■ Records from a collection
════

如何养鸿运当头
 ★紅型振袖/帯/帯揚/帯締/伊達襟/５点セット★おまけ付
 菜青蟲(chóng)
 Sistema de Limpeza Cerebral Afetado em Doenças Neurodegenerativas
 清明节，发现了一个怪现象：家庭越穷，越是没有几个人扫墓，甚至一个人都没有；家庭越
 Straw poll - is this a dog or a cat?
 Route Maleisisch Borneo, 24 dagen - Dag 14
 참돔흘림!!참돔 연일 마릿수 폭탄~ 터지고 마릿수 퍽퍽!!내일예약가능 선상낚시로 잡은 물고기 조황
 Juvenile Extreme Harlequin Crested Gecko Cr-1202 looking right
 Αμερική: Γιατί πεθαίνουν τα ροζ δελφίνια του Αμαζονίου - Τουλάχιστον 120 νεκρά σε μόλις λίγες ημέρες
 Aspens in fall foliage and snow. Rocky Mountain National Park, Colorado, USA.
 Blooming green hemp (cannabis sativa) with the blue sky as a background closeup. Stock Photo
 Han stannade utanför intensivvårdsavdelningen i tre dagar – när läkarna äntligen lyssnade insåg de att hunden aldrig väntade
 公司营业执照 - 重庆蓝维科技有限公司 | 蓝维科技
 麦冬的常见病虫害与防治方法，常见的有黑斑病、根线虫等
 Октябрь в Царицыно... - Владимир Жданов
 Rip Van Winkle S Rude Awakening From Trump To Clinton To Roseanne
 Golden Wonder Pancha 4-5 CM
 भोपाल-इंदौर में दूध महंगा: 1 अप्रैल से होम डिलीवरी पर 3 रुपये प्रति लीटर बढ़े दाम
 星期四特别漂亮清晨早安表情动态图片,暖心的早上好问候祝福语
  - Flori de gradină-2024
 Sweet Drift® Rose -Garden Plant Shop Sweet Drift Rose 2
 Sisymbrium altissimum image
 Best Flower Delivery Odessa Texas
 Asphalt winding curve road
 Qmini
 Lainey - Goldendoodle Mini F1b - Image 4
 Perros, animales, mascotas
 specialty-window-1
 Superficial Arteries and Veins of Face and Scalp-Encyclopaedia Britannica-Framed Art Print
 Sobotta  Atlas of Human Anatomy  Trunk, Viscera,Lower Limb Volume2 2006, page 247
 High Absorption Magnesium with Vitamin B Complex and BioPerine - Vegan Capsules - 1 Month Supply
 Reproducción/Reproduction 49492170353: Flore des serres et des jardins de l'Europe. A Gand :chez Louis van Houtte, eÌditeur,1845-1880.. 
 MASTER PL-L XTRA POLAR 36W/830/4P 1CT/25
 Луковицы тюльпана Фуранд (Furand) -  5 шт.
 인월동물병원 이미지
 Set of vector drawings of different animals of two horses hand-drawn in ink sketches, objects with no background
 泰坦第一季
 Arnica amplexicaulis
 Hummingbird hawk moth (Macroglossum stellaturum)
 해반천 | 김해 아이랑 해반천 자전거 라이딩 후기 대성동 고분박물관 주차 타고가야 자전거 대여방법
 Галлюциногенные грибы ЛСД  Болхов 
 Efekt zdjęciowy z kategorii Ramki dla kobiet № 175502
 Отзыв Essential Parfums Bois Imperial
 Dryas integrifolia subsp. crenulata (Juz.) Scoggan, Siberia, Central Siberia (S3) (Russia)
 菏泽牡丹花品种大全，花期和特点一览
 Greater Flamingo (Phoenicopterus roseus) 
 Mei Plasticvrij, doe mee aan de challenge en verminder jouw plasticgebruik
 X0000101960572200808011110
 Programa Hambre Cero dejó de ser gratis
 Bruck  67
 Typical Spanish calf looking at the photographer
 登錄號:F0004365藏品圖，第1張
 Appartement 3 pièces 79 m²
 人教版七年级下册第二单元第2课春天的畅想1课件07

════

■ Problem statement
Copy every line of the records word for word.

■ Response below
如何养鸿运当头
 ★紅型振袖/帯/帯揚/帯締/伊達襟/５点セット★おまけ付
 菜青蟲(chóng)
 Sistema de Limpeza Cerebral Afetado em Doenças Neurodegenerativas
 清明节，发现了一个怪现象：家庭越穷，越是没有几个人扫墓，甚至一个人都没有；家庭越
 Straw poll - is this a dog or a cat?
 Route Maleisisch Borneo, 24 dagen - Dag 14
 참돔흘림!!참돔 연일 마릿수 폭탄~ 터지고 마릿수 퍽퍽!!내일예약가능 선상낚시로 잡은 물고기 조황
 Juvenile Extreme Harlequin Crested Gecko Cr-1202 looking right
 Αμερική: Γιατί πεθαίνουν τα ροζ δελφίνια του Αμαζονίου - Τουλάχιστον 120 νεκρά σε μόλις λίγες ημέρες
 Aspens in fall foliage and snow. Rocky Mountain National Park, Colorado, USA.
 Blooming green hemp (cannabis sativa) with the blue sky as a background closeup. Stock Photo
 Han stannade utanför intensivvårdsavdelningen i tre dagar – när läkarna äntligen lyssnade insåg de att hunden aldrig väntade
 公司营业执照 - 重庆蓝维科技有限公司 | 蓝维科技
 麦冬的常见病虫害与防治方法，常见的有黑斑病、根线虫等
 Октябрь в Царицыно... - Владимир Жданов
 Rip Van Winkle S Rude Awakening From Trump To Clinton To Roseanne
 Golden Wonder Pancha 4-5 CM
 भोपाल-इंदौर में दूध महंगा: 1 अप्रैल से होम डिलीवरी पर 3 रुपये प्रति लीटर बढ़े दाम
 星期四特别漂亮清晨早安表情动态图片,暖心的早上好问候祝福语
  - Flori de gradină-2024
 Sweet Drift® Rose -Garden Plant Shop Sweet Drift Rose 2
 Sisymbrium altissimum image
 Best Flower Delivery Odessa Texas
 Asphalt winding curve road
 Qmini
 Lainey - Goldendoodle Mini F1b - Image 4
 Perros, animales, mascotas
 specialty-window-1
 Superficial Arteries and Veins of Face and Scalp-Encyclopaedia Britannica-Framed Art Print
 Sobotta  Atlas of Human Anatomy  Trunk, Viscera,Lower Limb Volume2 2006, page 247
 High Absorption Magnesium with Vitamin B Complex and BioPerine - Vegan Capsules - 1 Month Supply
 Reproducción/Reproduction 49492170353: Flore des serres et des jardins de l'Europe. A Gand :chez Louis van Houtte, eÌditeur,1845-1880.. 
 MASTER PL-L XTRA POLAR 36W/830/4P 1CT/25
 Луковицы тюльпана Фуранд (Furand) -  5 шт.
 인월동물병원 이미지
 Set of vector drawings of different animals of two horses hand-drawn in ink sketches, objects with no background
 泰坦第一季
 Arnica amplexicaulis
 Hummingbird hawk moth (Macroglossum stellaturum)
 해반천 | 김해 아이랑 해반천 자전거 라이딩 후기 대성동 고분박물관 주차 타고가야 자전거 대여방법
 Галлюциногенные грибы ЛСД  Болхов 
 Efekt zdjęciowy z kategorii Ramki dla kobiet № 175502
 Отзыв Essential Parfums Bois Imperial
 Dryas integrifolia subsp. crenulata (Juz.) Scoggan, Siberia, Central Siberia (S3) (Russia)
 菏泽牡丹花品种大全，花期和特点一览
 Greater Flamingo (Phoenicopterus roseus) 
 Mei Plasticvrij, doe mee aan de challenge en verminder jouw plasticgebruik
 X0000101960572200808011110
 Programa Hambre Cero dejó de ser gratis
 Bruck  67
 Typical Spanish calf looking at the photographer
 登錄號:F0004365藏品圖，第1張
 Appartement 3 pièces 79 m²
 人教版七年级下册第二单元第2课春天的畅想1课件07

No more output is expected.